ICD-10-CM vs. ICD-10-PCS
The ICD-10 in the US is split into two systems: The ICD-10-CM (Clinical Modification) and ICD-10-PCS (Procedure Coding System). Generally, when people talk about ICD-10, they are referring to ICD-10-CM, which is the code set diagnostic coding for all healthcare settings. Whereas ICD-10-PCS is specifically used for inpatient hospital procedure coding.
- Replaces ICD-9-CM
- Enables swift processing of claims
- Over 68,000 codes
- 3-7 characters long
- Replaces ICD-9-CM for hospital inpatients only
- Directed towards allocation of hospital and medical billing services
- 7 characters
Importance of ICD-10
To get the maximum benefit from ICD-10, it is crucial to understand and undergo some level of education in the code set. For instance, administrations need awareness regarding the impact of ICD-10 on their workflow and productivity when it comes to billing and coding. The transition from ICD-9 and the changes in the code would require additional training for resources and deal with any staffing concerns after implementation.

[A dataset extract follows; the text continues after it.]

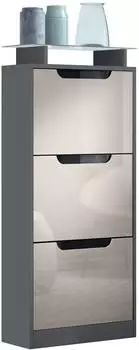 Vladon Space V2 Schuhschrank 3 Klappen Glasablage, anthrazit matt/sandgrau hochglanz (50028366)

Similarly, physicians should be educated on the dire need to document as per ICD-10 specifications. ICD-10 permits specific code assignment which can include the whole episode of care, trimester of pregnancy, the acuity of condition, and anatomical location. To experience the complete advantages of the ICD-10 code set, improvements in education and clinical documentation are a must.
The ICD-10 code set is set to improve and bring structure to the healthcare sector as a whole; nevertheless, the transition from ICD-9 is proving to be much more disruptive than anticipated.
The processes and documentation that had been part of the ICD-9 for over 35 years have to be adjusted, which means some major organizational changes. Whereas previous HIPAA mandates relied on vendors, partners, and billing services, using the new code set requires an in-depth involvement by the physicians themselves.